Dear Axel,
thank you for your thoughts on this. Here is the slurm log-file for the
run I reported, in case it might help:
application called MPI_Abort(MPI_COMM_WORLD, 1) - process 187
srun: Job step aborted: Waiting up to 32 seconds for job step to finish.
slurmstepd: error: *** STEP 2339032.0 ON n16-043 CANCELLED AT
2016-03-28T01:12:1
slurmstepd: error: *** JOB 2339032 ON n16-043 CANCELLED AT
2016-03-28T01:12:13 D
srun: got SIGCONT
srun: forcing job termination
Surprisingly, the same thing even happens if read_restart can't find the
input file. With 256 cores (16 nodes x 16 cores), like in the PPPM
example, the process did not terminate correctly and hung. The same
problem happened with 32 cores (2 nodes x 16 cores).
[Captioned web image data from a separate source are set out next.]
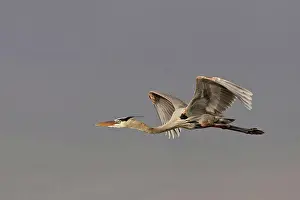 Adult Animal Prints: Great blue heron (Ardea herodias) in flight with a sky background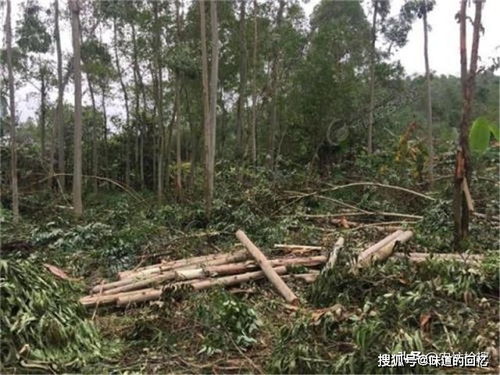 被称 缺德树 ,种5年才采收,一吨只卖500元,仍很多人种植
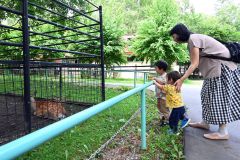動物を見て歓声を上げる子どもたち（２７日午前１０時半ごろ）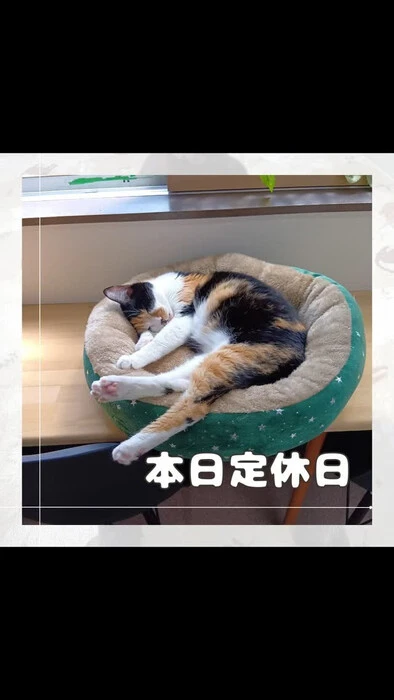 画像855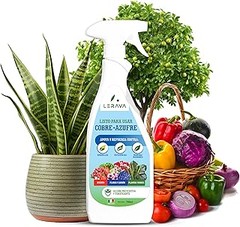 Mejor guía para comprar fungicidas para tus plantas ornamentales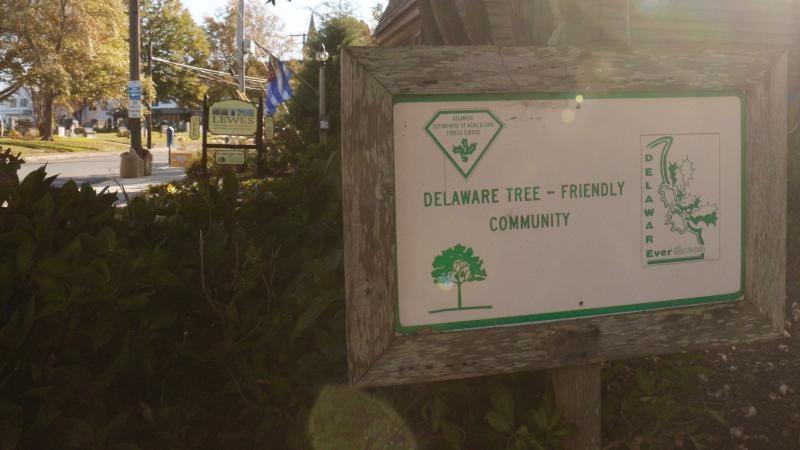 The City of Lewes is looking to grow its tree canopy, and officials believe a tree ordinance regarding species on private property could help educate residents on how they can do their part. AARON MUSHRUSH PHOTOS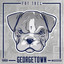 Georgetown cover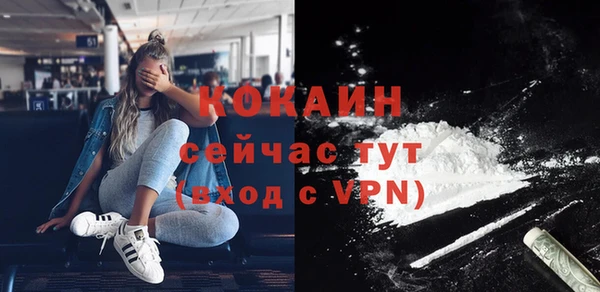 хмурый Аркадак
However, LAMMPS
terminated as expected, when I reran the script using 16 cores on a
single node.
I tried to reproduce the problem with the small programme below (source:
http://mpitutorial.com/tutorials/mpi-hello-world/), but everything
worked as expected. Do you think this is a case for our system
administrator or could it be LAMMPS related?
Best wishes,
Peter
#include <mpi.h>
#include <stdio.h>
#include <unistd.h>
int main(int argc, char** argv) {
// Initialize the MPI environment
MPI_Init(NULL, NULL);
// Get the number of processes
int world_size;
MPI_Comm_size(MPI_COMM_WORLD, &world_size);
// Get the rank of the process
int world_rank;
MPI_Comm_rank(MPI_COMM_WORLD, &world_rank);
// Get the name of the processor
char processor_name[MPI_MAX_PROCESSOR_NAME];
int name_len;
MPI_Get_processor_name(processor_name, &name_len);
// Print off a hello world message
printf("Hello world from processor %s, rank %d"
" out of %d processors\n",
processor_name, world_rank, world_size);
// Try to abort job
MPI_Abort(MPI_COMM_WORLD,1);
// Wait
sleep(600);
// Finalize the MPI environment.
MPI_Finalize();
}